Making the group of people without a birth date was very fast , about a second or so. It was just like phase #1 of the Advanced Search that was so slow overall. What I had not yet tried was using the group of people without birth date to filter People List View. When I did, RM8 locked up for about 30 seconds until the filter was applied. At that point, RM8 was unlocked and I could proceed normally. During the whole 30 seconds, RM8 was CPU bound, maxing out a single processor core for the whole time. It was just like phase #3 of the Advanced Search that was so slow overall.
A bit of good news is that filtering by making a group instead of by using the Advanced Search directly seemed to avoid the 60 second of waiting in phase #2 while RM8 was disk bound reading something out of the RM8 database. And this was on my machine with the very fast SDD disk. On my machine with the more typical HDD disk, phase #2 took over 600 seconds.
A bit of bad news is that if I then went from People List View to one of the other Views such as Pedigree View or Family View and then returned to People List View, RM8 locked up for 30 seconds again. The lockup occurs every time I leave People List View for another View and then return to People List View. If I remove the filter, People List View responds instantaneously. If I re-apply the filter while in People List View, it locks up for 30 seconds. So it’s obviously the application of the filter that’s the problem, not changing views. It’s just that changing into People List View can require RM8 to re-apply the filter.
A final bit of bad news is that I tried the same filter on the Index tab of the Left Side Panel. RM8 also locks up for the same 30 seconds of being CPU bound when the group filter is applied to the Left Side Panel.
So I still don’t understand the 60 seconds of RM8 being disk bound during the Advanced Search. But for the 30 seconds of being CPU bound during this Advanced Search, it’s like Advanced Search is making a tempory and unnamed group and that it is applying that group as a filter for the search. And it’s taking 30 seconds of CPU time to apply the filter to this particular group.

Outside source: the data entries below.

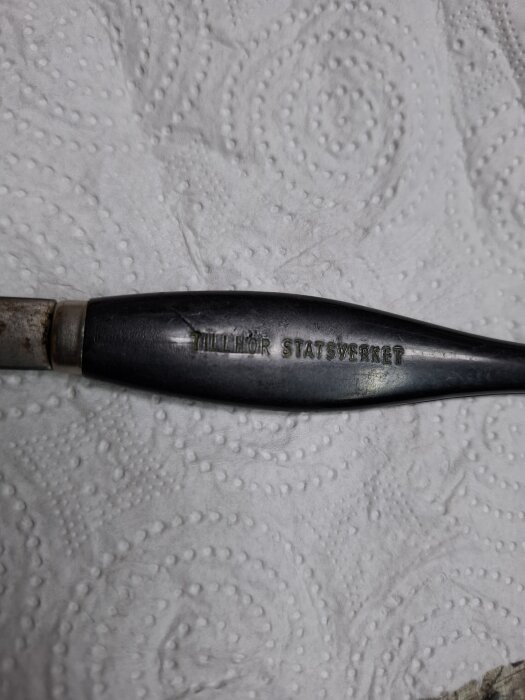 En metallisk föremål med texten "Tillhör Statsverket", liggandes på ett mönstrat papper.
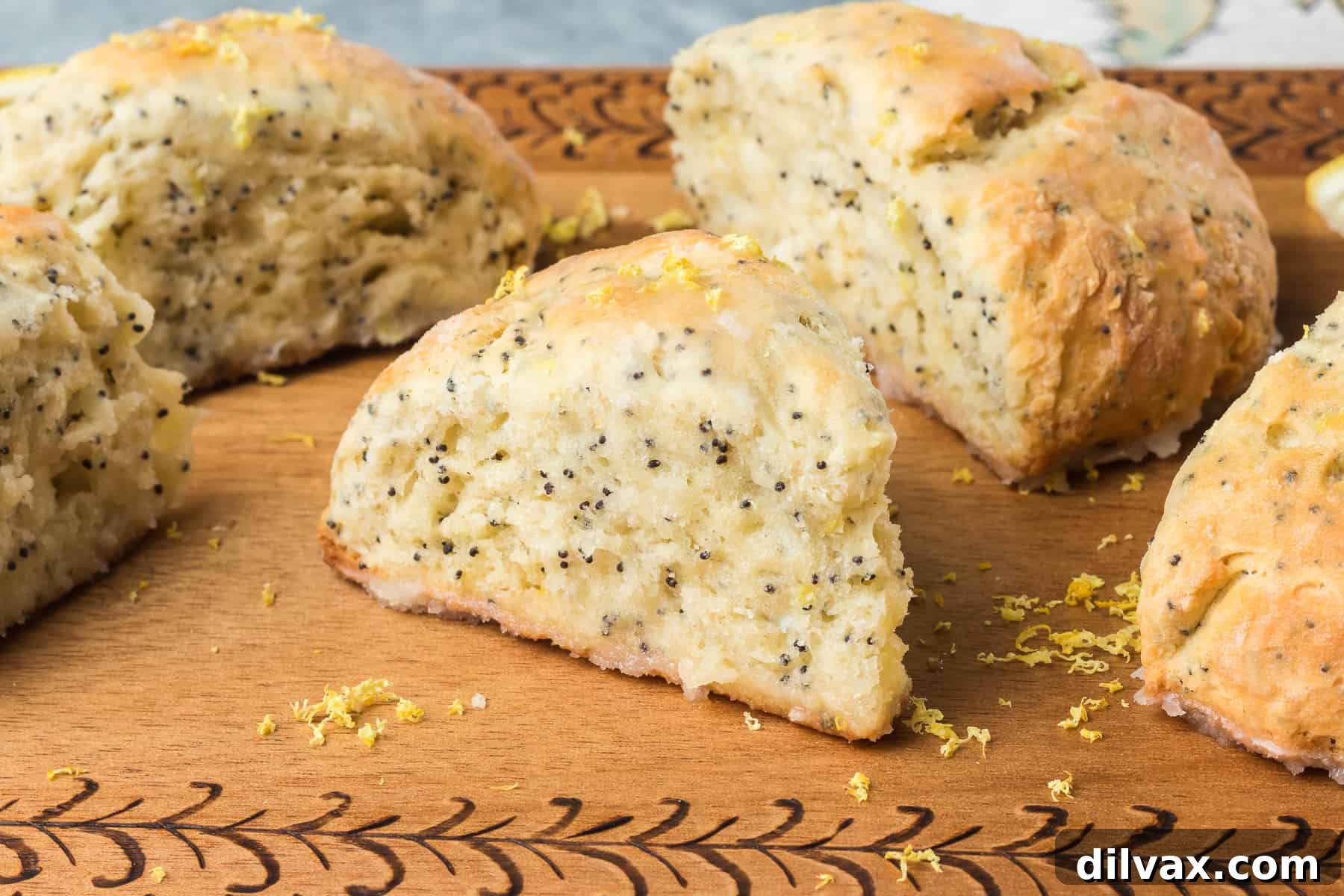 A plate of Lemon Poppy Seed Scones drizzled with a sweet lemon glaze.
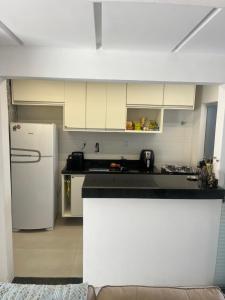 een keuken met witte kasten en een witte koelkast bij Apatapamento 2 quartos com excelente localização, segurança e com tudo o que você e sua família precisam pra uma estadia confortável! in Feira de Santana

I thought about making another video to show how it is slow with this alternative workflow, and I can do so if necessary. But I think this word description is adequate to describe the problem.
There seems to be a general issue in either building a ‘list’ of data items and/or then formatting them for display, one or both of which seem incredibly CPU intensive.
I am a Mac user, but have seen such symptoms in other areas, even when the ‘list’ should be quite small. For example, note edit gets more and more CPU intensive as the note lengthens. Similarly, when importing an RM7 file, the scanning of the disk for RM7 files results in an increasingly long CPU bound period as the number of files that can be found increases from a single digit number to more than 40. Scanning the rest of the disk is very fast, but handing the 40 file names found can be processor bound for about 70 seconds. It is as though the processing required expands almost exponentially as the number of ‘items’ - lines of a note, number of files, etc - increases by relatively low multiples.
I have reported these 2 particular ‘problems’ as they are very easy to reproduce and they have been accepted, but I haven’t seen any improvement so far. There MUST be some weird common processing going on that is used in a number of different areas within RM. All we can do is try to find examples that are easily repeatable and keep reporting them to support.